Matthew, Mark, and Luke share similar content, order of events, and wording, which suggests they may have used common sources. However, the authors and the audiences were different. Mark, who wrote the earliest surviving account, was a devout Jew who believed in one God. Luke was a Gentile and became a (Jewish) convert. John, who Pagels calls the “radical revisionist writer,” is the one who explicitly says Jesus is the Son of God, whose sacrificial death atoned for the sins of the world. All of them use words of the Jewish prophets and the Psalms to prove Jesus’ life was foretold in Scriptures.
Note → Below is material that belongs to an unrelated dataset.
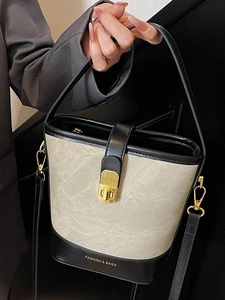 Minimalist beige and black bucket bag with gold hardware and logo for daily commute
In 325 CE, Emperor Constantine gathered 300 bishops to
formulate the Nicene Creed, the core Christian beliefs about the nature of God
and the divinity of Christ—the basis of the Gospel of John. Over the decades
that followed, church leaders and councils decided which doctrines and stories
fit this overarching message. Of the many stories of Jesus that existed, few
were chosen as scripture; the rest were destroyed.*
The Gospels remind us how Jesus lived, with love,
compassion, and support for everyone. And, as Pagels declares, “In a world
filled with challenge, oppression, and suffering, their stories shift—often
suddenly—into hope.”
Miracles and Wonder is both the keystone and cornerstone to Pagels’ other books on early Christianity and the Gnostics. As a historian and religious scholar, she thoughtfully considers the historical mystery of Jesus and his message while adding personal stories and reflections on her life’s work.
Thanks to Doubleday for the ARC.
Rating: ★★★★★
Miracles and Wonder: The Historical Mystery of Jesus
by Elaine Pagels
Doubleday, 2025
*Despite the decree, monks from Nag Hammadi hid some of the forbidden texts in caves. In 1945, these early Christian and Gnostic texts were discovered in a sealed jar.